Dr. Julie Andsager from the University of Iowa and Rob Daves, a pollster at the Minneapolis Star Tribune, with Dr. Tudor Vlad. |
Graduates of U.S. Journalism Programs Give Mixed Support to Media Rights
Despite their specialized training, graduates of university journalism and mass communication programs in the United States are hardly absolutists in terms of media rights, a study by researchers at the University of Georgia has revealed.
Rather, the graduates of the U.S. journalism and mass communication programs give qualified support to such media rights as the reporting of classified materials and protecting confidential sources.
The findings were labeled as “worrying” by researchers Drs. Tudor Vlad and Lee B. Becker, because they show that those entering careers in mass communication are not like to fight for the protection of media rights essential for the preservation of democracy.

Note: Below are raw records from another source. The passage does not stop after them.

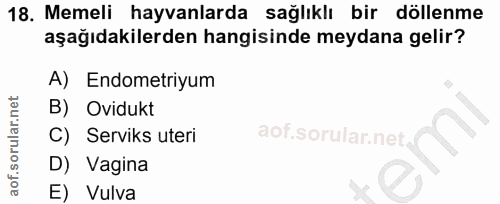 18. soru: Memeli hayvanlarda sağlıklı bir döllenme aşağıdakilerden hangisinde meydana gelir? A) Endometriyum B) Ovidukt C) Serv…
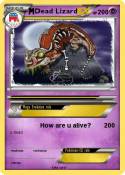 Dead Lizard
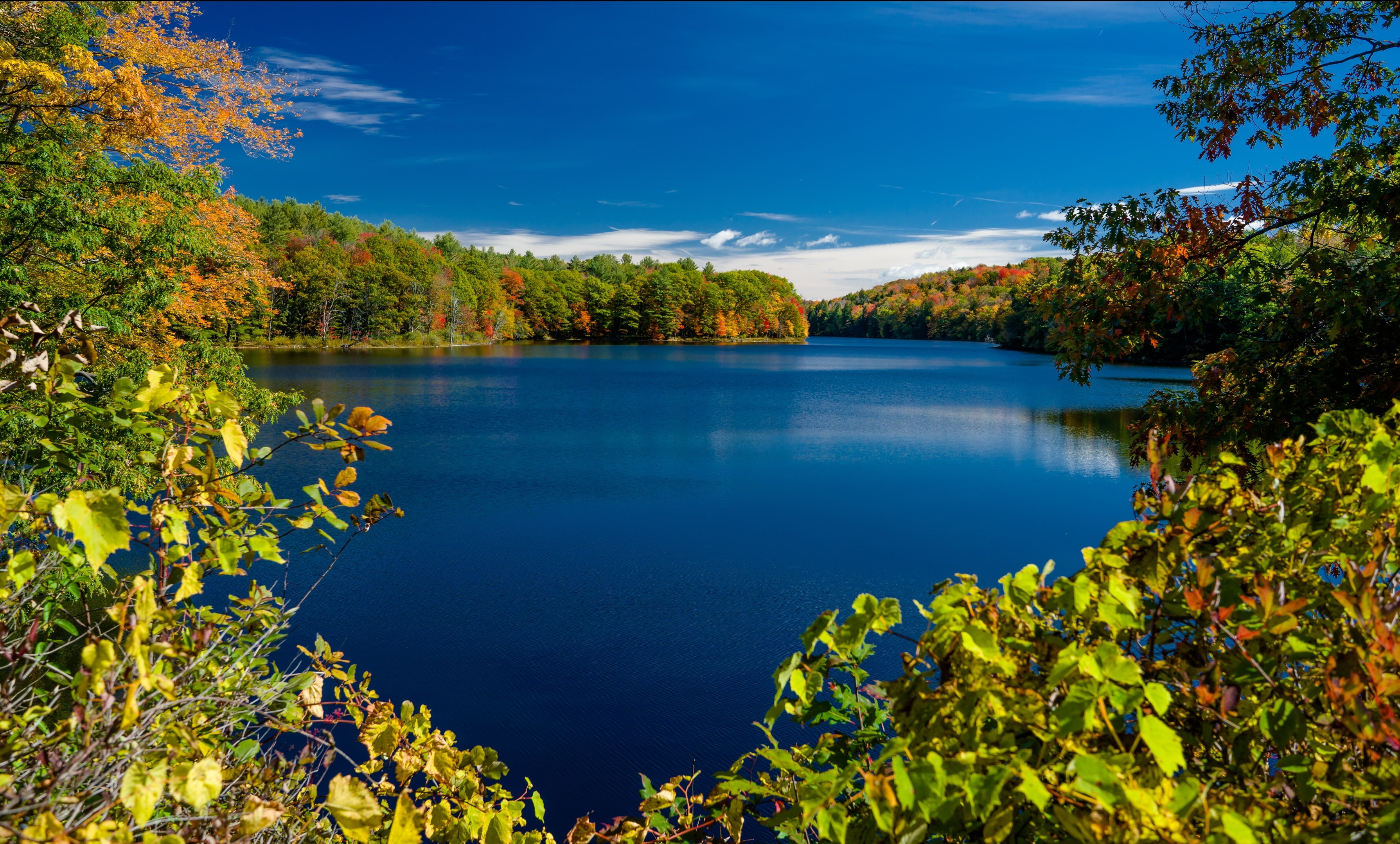 New York, lake, autumn, lake Rockwood, Adirondack Park, trees, the state of new York, The Adirondack Park, Rockwood Lake, branches, 2K, HD Wallpaper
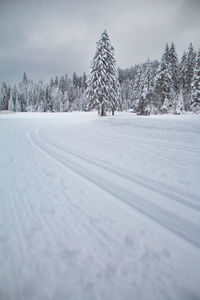 Trees on snow covered field against sky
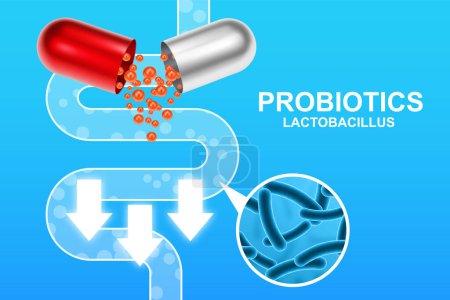 Banner-Vorlage für Probiotika. Probiotikum in Kapsel mit Verdauungssystem. Mikrobiom-Elemente mit medizinischer Pille. Zur Hälfte mit Probiotika-Granulat. EPS10-Vektor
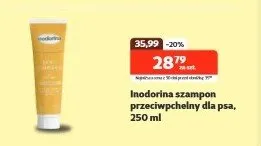 Szampon przeciwpchelny dla psa promocja w KAKADU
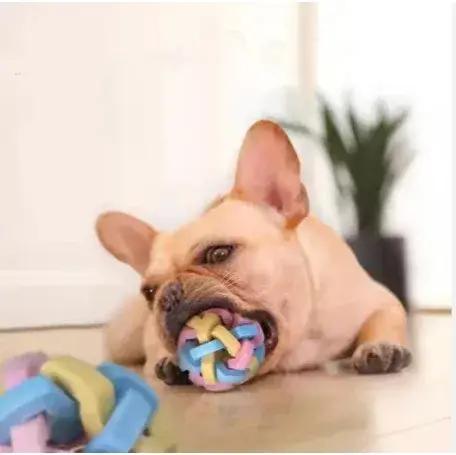 Jouet sonore en forme de macaron pour chiens et chats occasionnellement ludique et éducatif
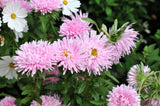 50 Mixed OSTRICH PLUME ASTER Feather Spider Callistephus Chinensis Flower Seeds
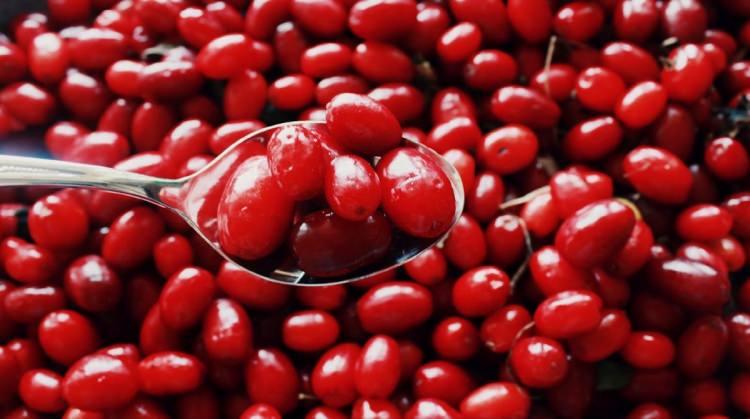 <p>Kızılcık, A ve C vitamini içermektedir. Kızılcık meyvesinde sodyum, potasyum, kalsiyum,demir, bakır, magnezyum ve çinko bulunur.</p>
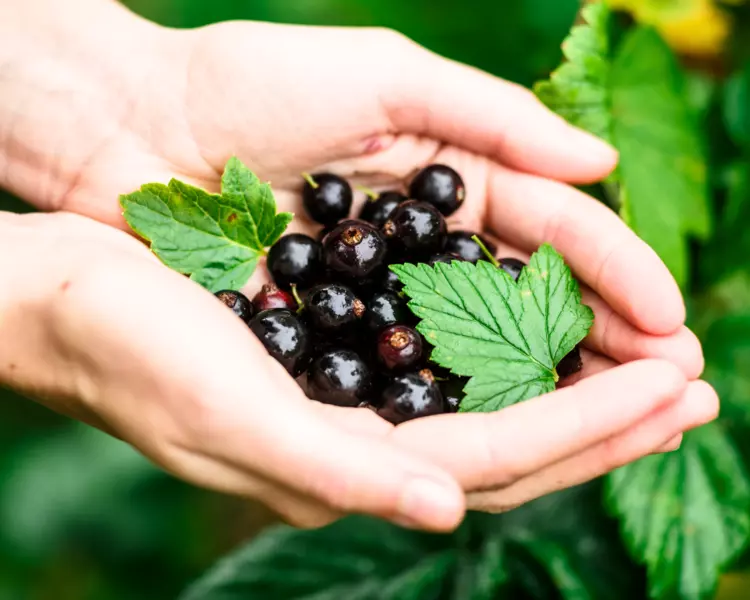 Die gesunde Wunderbeere mit Anti-Aging Power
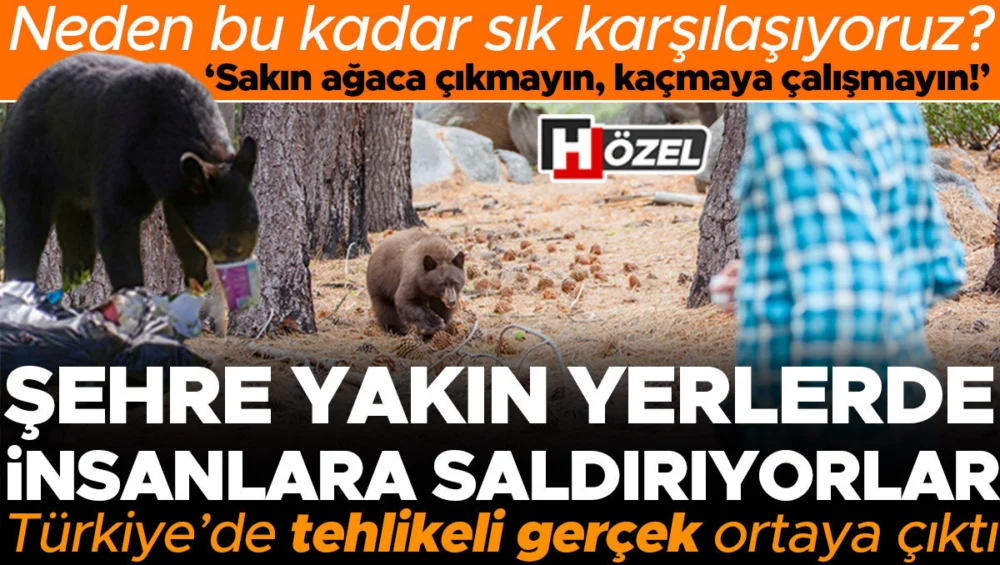 Habitat Tahribatı Ve İnsan Teması Ayı Saldırılarını Tetiklerken Hayatta Kalmak İçin Kritik Adımlar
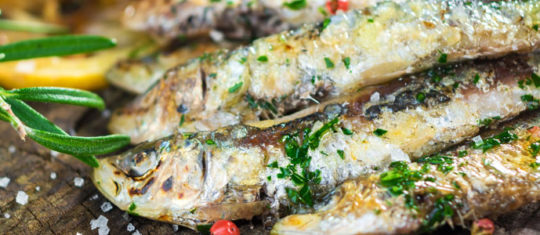 restaurant de poissons et fruits de mer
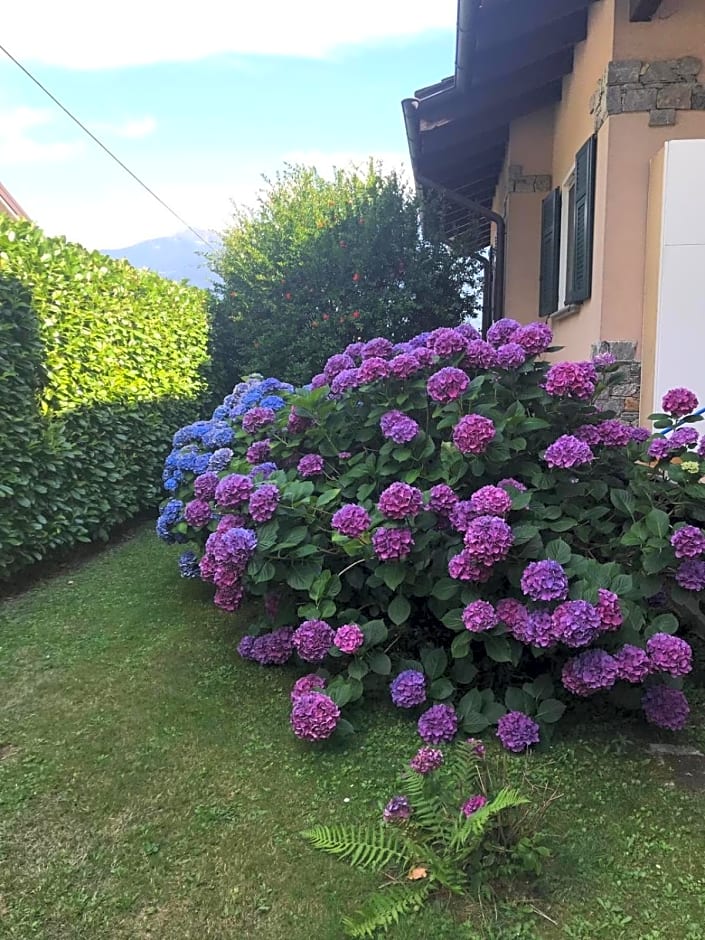 Al Chiar di Luna B&B Valtellina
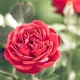 Close-up of a vibrant red rose in bloom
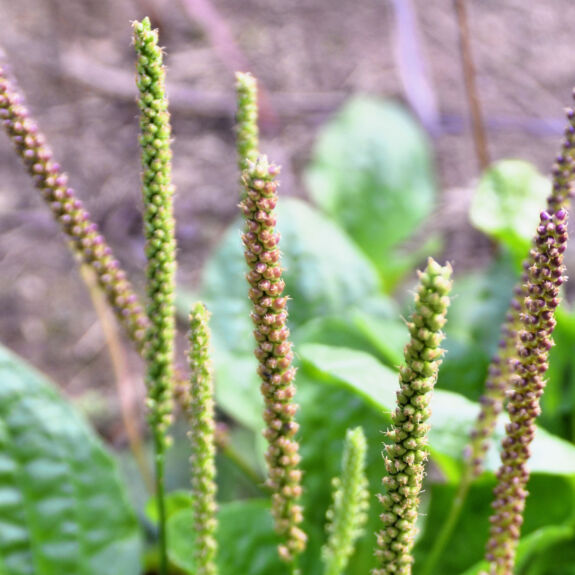 Gros plan sur les fleurs élancées et les graines de plantain, une plante courante des pelouses et prairies.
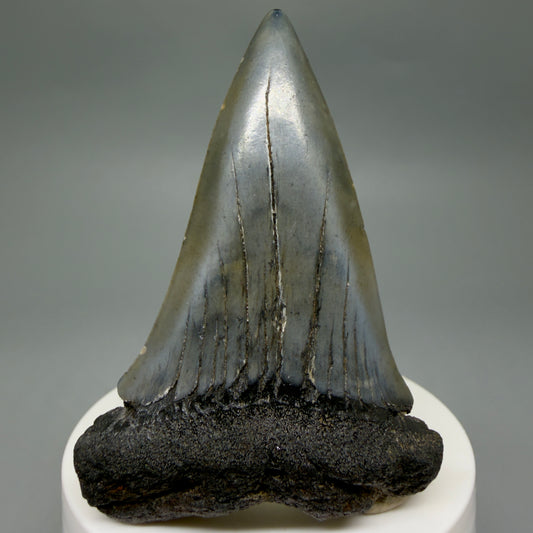 Front View Large 2.96" Fossil Extinct Mako - Isurus hastalis Shark Tooth from Southeast USA M626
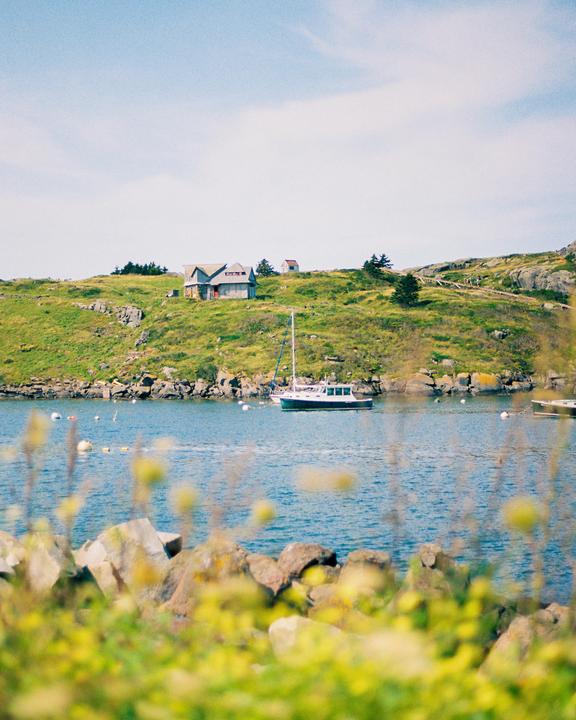 Maine Summer | Nikon FE2, Nikkor f/1.8, Kodak Portra 400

Dr. Vlad, assistant director of the James M. Cox Jr. Center for International Mass Communication Training and Research, and Dr. Becker, director of the Cox Center, presented the results of their research at the annual conference of the Midwest Association for Public Opinion Research meeting in November in Chicago. The Cox Center is a unit of the Grady College of Journalism and Mass Communication at the University of Georgia.
Only three in 10 of the journalism and mass communication graduates said the media should be protected all the time when television newscasts include video that may contain a message from terrorists, the researchers reported. Nearly six in 10 said the media should be protected only “under certain circumstances.”
Nearly four in 10 of the graduates said the media should be protected when journalists write stories about U.S. soldiers in combat that portray them unfavorably, while just a slightly higher ratio said the media should be protected in this case “under certain circumstances.”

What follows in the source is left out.